Saint John-based Versos AI has announced a partnership with Tape Ark to convert large volumes of video stored on physical tape into structured datasets for artificial intelligence systems.
Founded in 2023 by serial entrepreneur Chris Keevill, Versos AI has developed its platform to help the owners of video content licence their libraries out to AI model trainers and hyperscalers. The goal is to produce a massive library of ethically sourced video that can be used to train AI models.
The companies said the initiative focuses on unlocking legacy tape archives, which remain a significant but largely inaccessible source of video data. While AI developers increasingly rely on video to train advanced models, much historical footage is stored on aging media formats that require specialized hardware and manual cataloging.
Under the agreement, Australia-based Tape Ark will digitize analog and legacy tape-based video and migrate it to cloud storage. Versos AI will then process the digitized material using its software to structure, tag, and index the content, making it searchable and suitable for AI training.
Keevill – who raised a $1.85 million seed round late last year – said video is becoming central to the next generation of AI systems and that large volumes of such data remain offline. He said the partnership is intended to create a direct pipeline to convert archived footage into usable training material.
Tape Ark chief executive Guy Holmes said organizations currently spend between $0.40 and $1.20 per tape per month on storage, often amounting to millions of dollars annually for content that is rarely accessed. He said digitization reduces storage costs significantly while enabling new uses, including licensing data for AI applications.

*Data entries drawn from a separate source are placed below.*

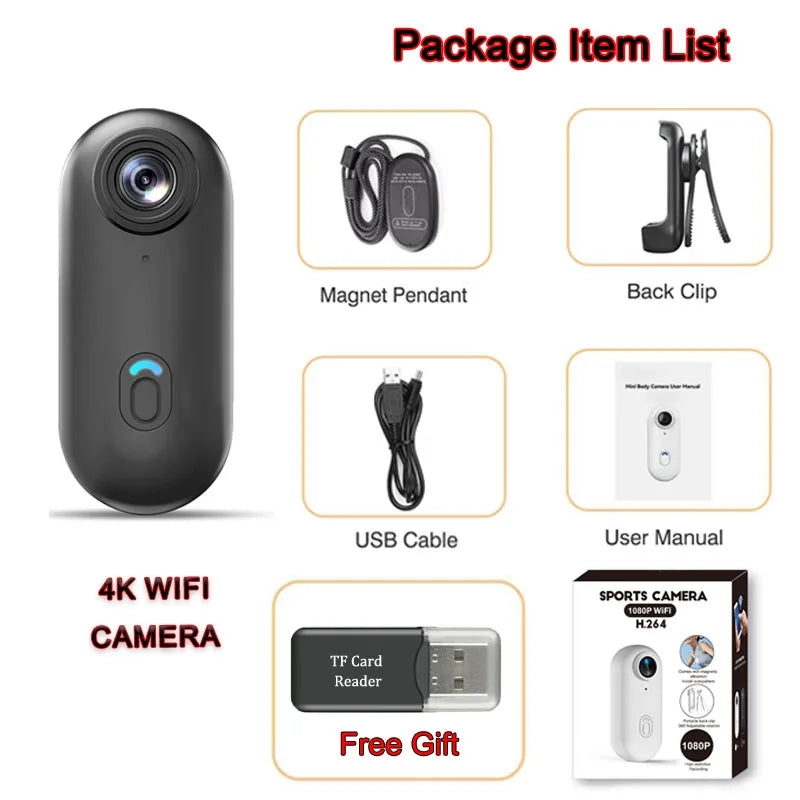 4K UHD Mini Vlog Camera Wireless WiFi Sports Action Camera Small Pocket Body Camcorder Photography Videography Portable Camera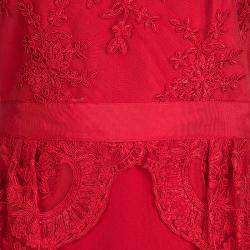 مملوكة مسبقًا Notte By Marchesa Scarlet Red Embroidered Lace Peplum Dress M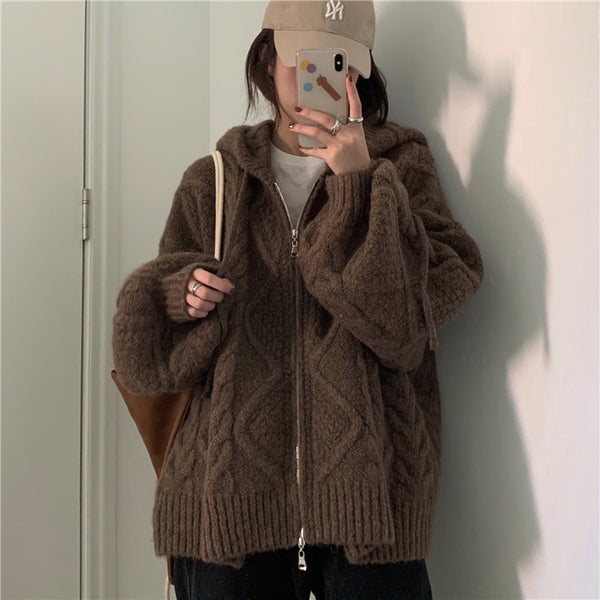 Cardigan Sudadera con Capucha y Tejido Trenzado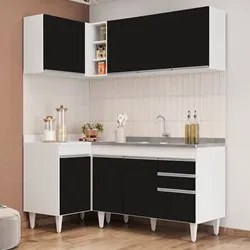 Armário de Cozinha Modulado de Canto Direito 4 Peças CP39 com Pia Inox
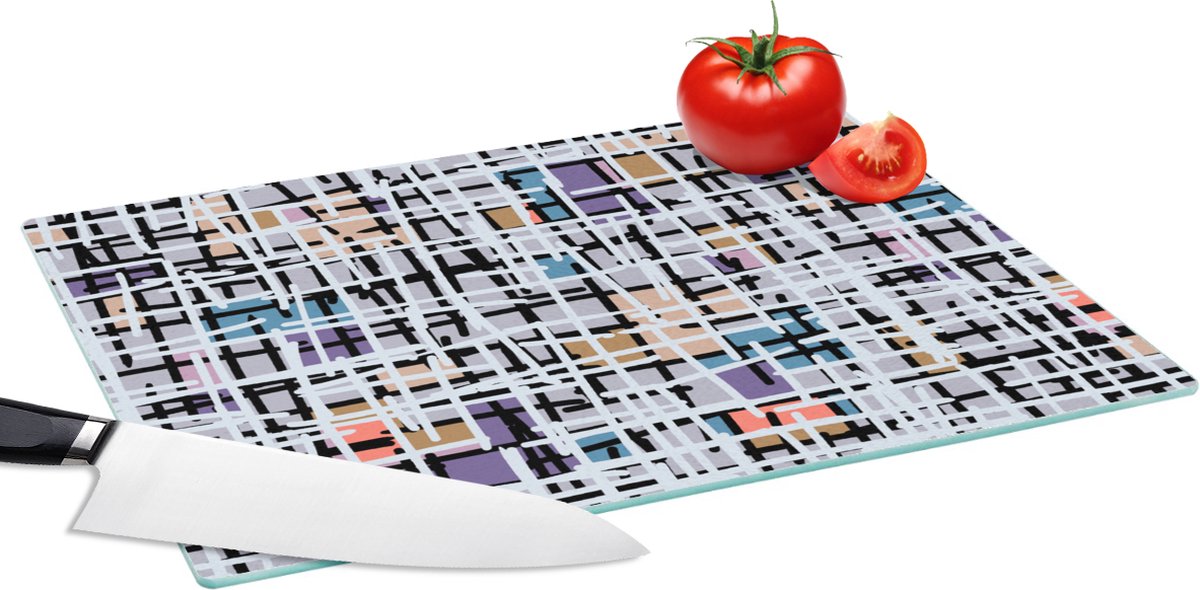 Glazen Snijplank - 39x28 - Lijn - Abstract - Patronen - Snijplanken Glas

Tape Ark has processed more than one exabyte (one quintillion, or 10 to the power of 18, bytes) of data globally, including over 200 petabytes of video, which the company estimates is equivalent to about 29 million hours of 4K footage. The partnership is positioned as a way to extend that capability by integrating AI-driven data structuring.
The companies said the process will allow content owners – including broadcasters, studios, sports leagues, and enterprises—to identify and use material that may not have been viewed for years. Once processed, the video can be analyzed at scale, with automated tagging of objects, scenes, people, and events.
The announcement comes as AI developers seek new sources of training data beyond publicly available internet content. Industry demand for large-scale video datasets has increased alongside the development of more complex AI models.
Versos AI and Tape Ark said their combined offering will enable organizations to convert archival storage costs into potential revenue streams by licensing processed video data. The companies described the partnership as establishing a new pipeline connecting offline media archives to the AI data market.